(WHAT YOU SHOULD DO): Below are the records; print exactly the lines from the one with "VIDEO // Trei" through the last, both included, and leave the pictures out.

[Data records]
....
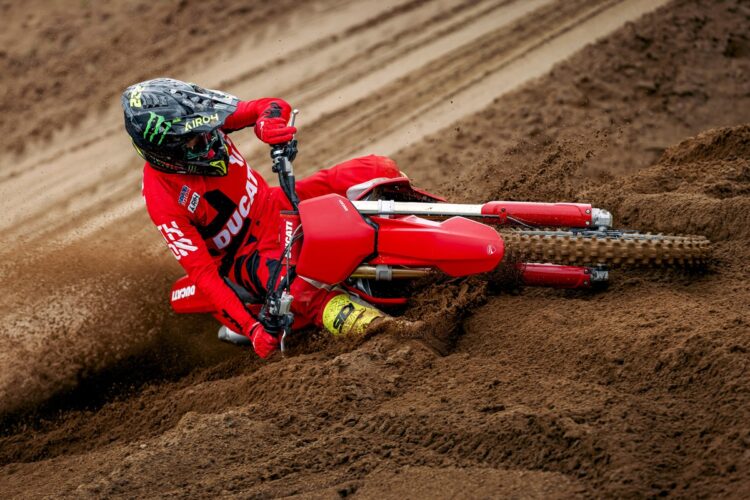 Ducati: Revelada a nova Desmo450 MX, a primeira moto de motocross da sua história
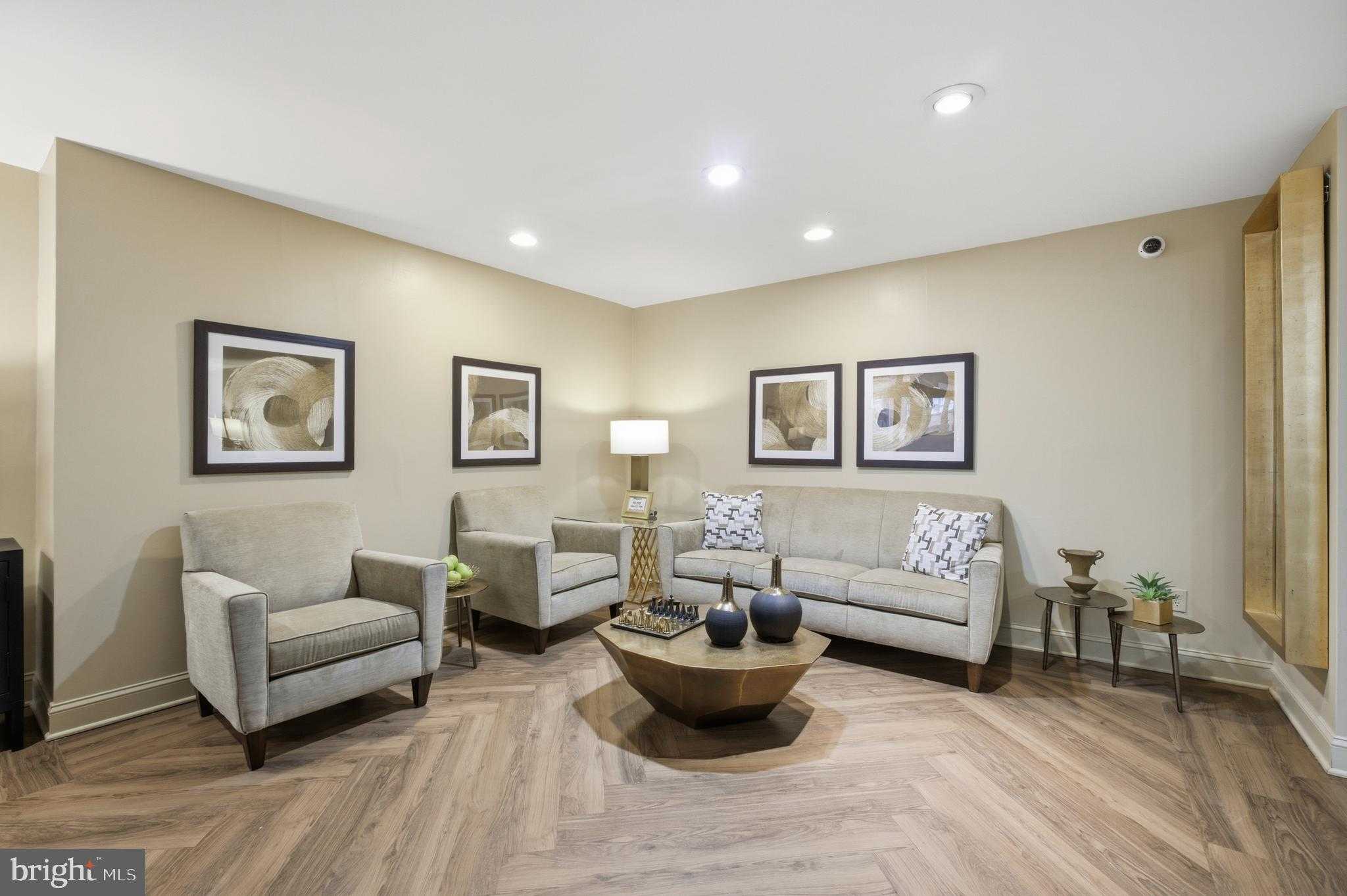 1680 Huntingdon Pike photo 3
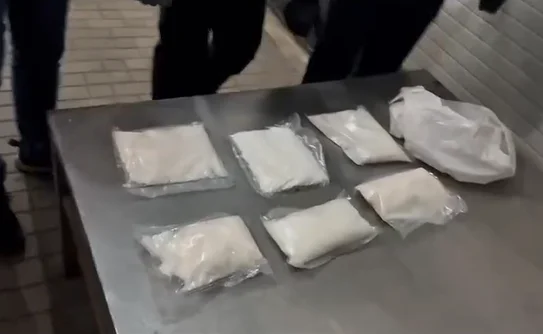 VIDEO // Trei kilograme de droguri ascunse în cuptoare cu microunde, capturate. Două persoane, reținute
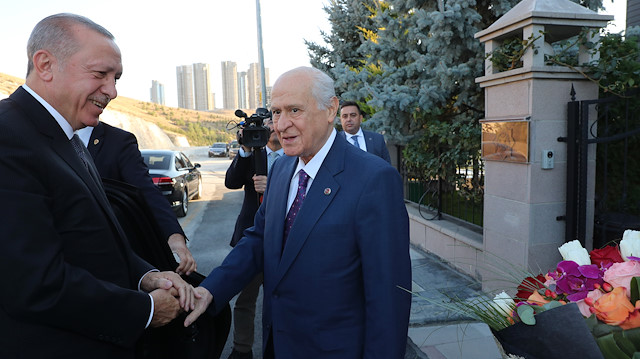 Cumhurbaşkanı Erdoğan MHP lideri Bahçeli'ye geçmiş olsun ziyareti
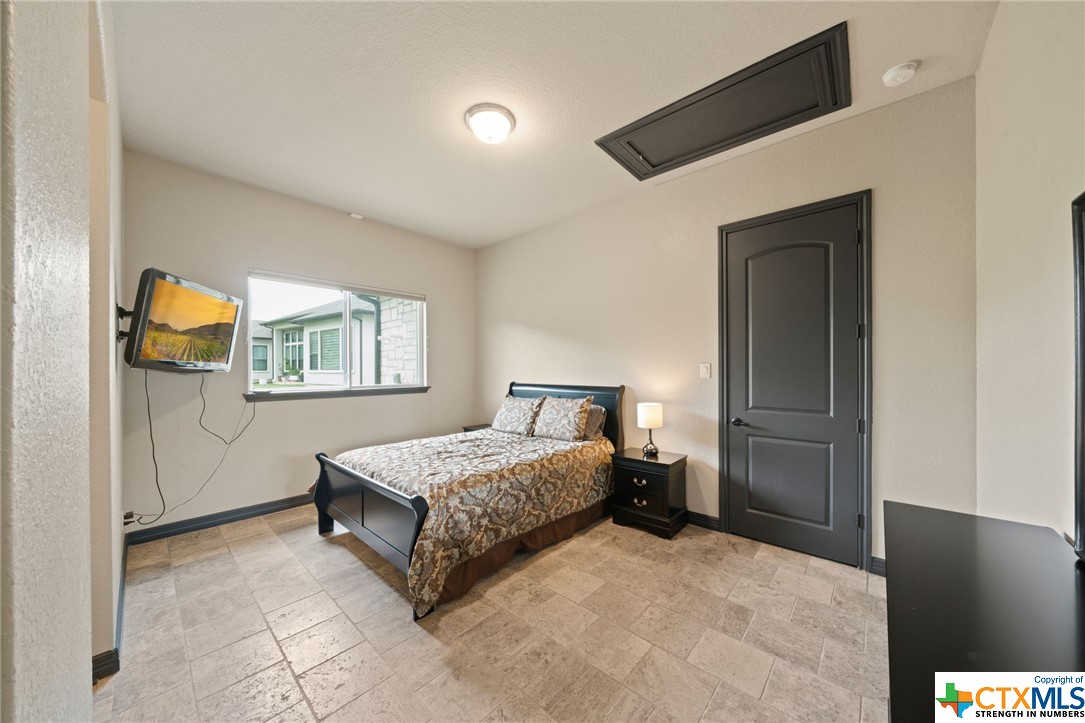 18002 Resort View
....
(WRITTEN ANSWER):
 VIDEO // Trei kilograme de droguri ascunse în cuptoare cu microunde, capturate. Două persoane, reținute
 Cumhurbaşkanı Erdoğan MHP lideri Bahçeli'ye geçmiş olsun ziyareti
 18002 Resort View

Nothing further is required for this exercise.